The concentrations of heavy metal ions in water samples before and after the installation for cleaning during testing were determined by atomic absorption spectrometry according to GOST 51309-99, and the ammonium ion by the photocolorimetric method with Nessler reagent according to GOST 4974-72.

Certain concentrations of suspended solids were carried out according to the method of RD 52.24.468-95. The concentration of petroleum products was determined according to FR 1.31.2007.03234, and anionic surfactants - according to PNDF 14.1: 2.258-10.

From table 1 it can be seen that at close efficiency of purification of model process water by the content of suspended solids, oil products and anionic surfactants, the claimed utility model additionally purifies water with high efficiency from heavy metal ions (manganese, copper, zinc and cadmium) and ammonium ion.

Thus, it is obvious that the use of the claimed utility model makes it possible to purify water not only from suspended solids, oil products, surfactants, but also from heavy metal ions and ammonium ions, and thereby expanding the range of applications of the known technical solution to the field of water purification from heavy metal ions and ammonium.

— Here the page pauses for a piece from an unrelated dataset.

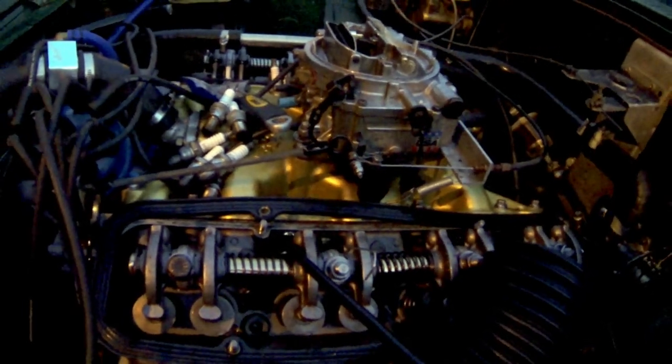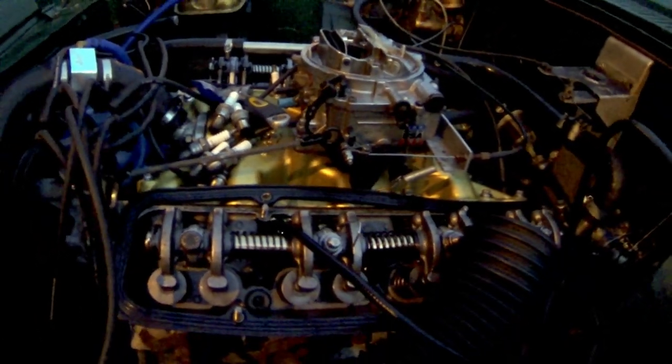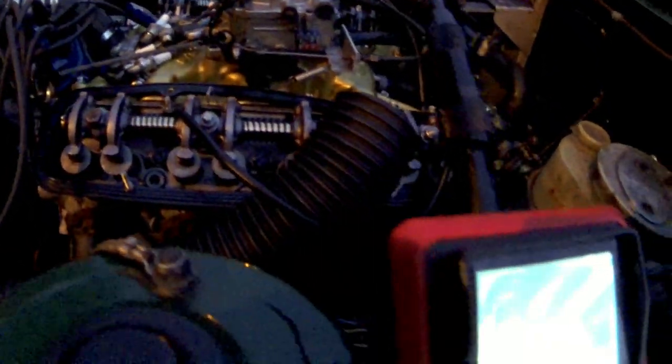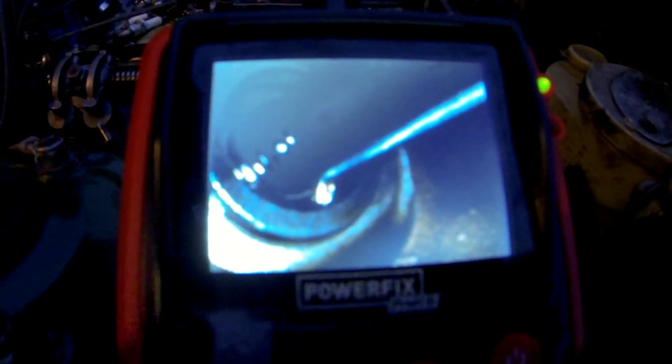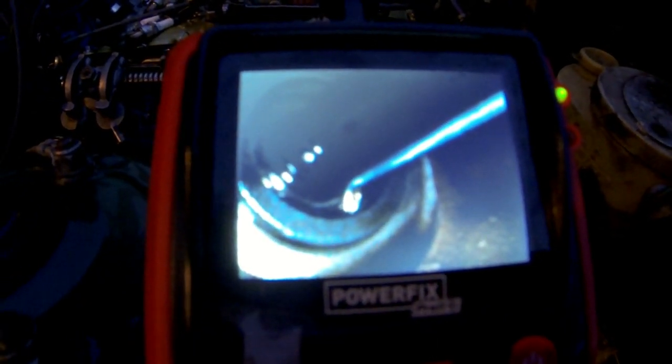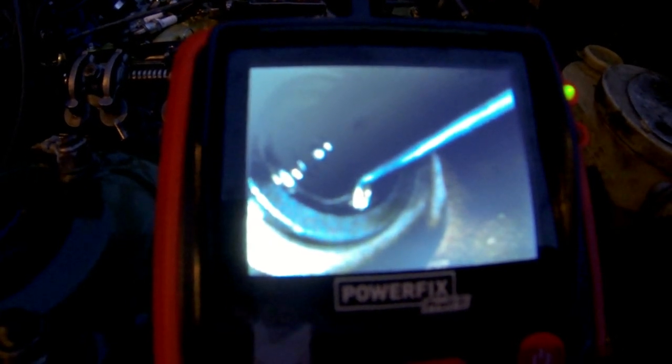I've come up with a simple solution, because I don't want to buy another Vali gasket and take all that stuff apart. I stick a boroscope down through the head casting hole where the oil usually drains through, and then I stick a 1mm rod down through the pushrod guide holes.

The presence of at least one filter of the fibrous filter material leads to the achievement of the purpose of the utility model, since this material helps to detain suspended solids from the source waste water, which reduces the load on the removal of suspended solids on the filter charge (activated carbon or zeolite). A smaller amount of suspended solids absorbed by the filter charge improves its work of removing dissolved substances from water (including heavy metal and ammonium ions). Thus, the presence of at least one filter of fibrous filtering material increases the efficiency of the utility model for heavy metals and ammonium ions, thereby contributing to the expansion of the range of application of the utility model to the area of additional water purification from heavy metal and ammonium ions while simultaneously cleaning them from suspended solids, petroleum products, surfactants.

The presence of chemically modified coal in the composition of the first, along the water, filter also contributes to the achievement of a technical result, since chemical modification of coal leads to a change in surface charge, and hence an increase in the number of active centers that are ion-exchange groups. An increase in the number of ion-exchange groups leads to an increase in the efficiency of activated carbon for heavy metal ions, thereby contributing to the expansion of the range of application of the utility model to the field of additional water purification from heavy metal and ammonium ions

their simultaneous cleaning of suspended substances, oil products, surfactants.

The presence in the composition of the first, along the water, filter, in addition to activated carbon, another ion-exchange material, also contributes to the achievement of a technical result, since the ion-exchange material, in contrast to activated carbon, has good ion-exchange properties for heavy metal ions to an ammonium ion, and these properties contribute to the absorption of heavy metal ions and ammonium ion on the first, along the course of the water, filter, thereby contributing to the expansion of the spectrum of application of the utility model to the area of additional cleaning water from heavy metal ions and ammonium with simultaneous clearing them from the suspended solids, oil, surfactants.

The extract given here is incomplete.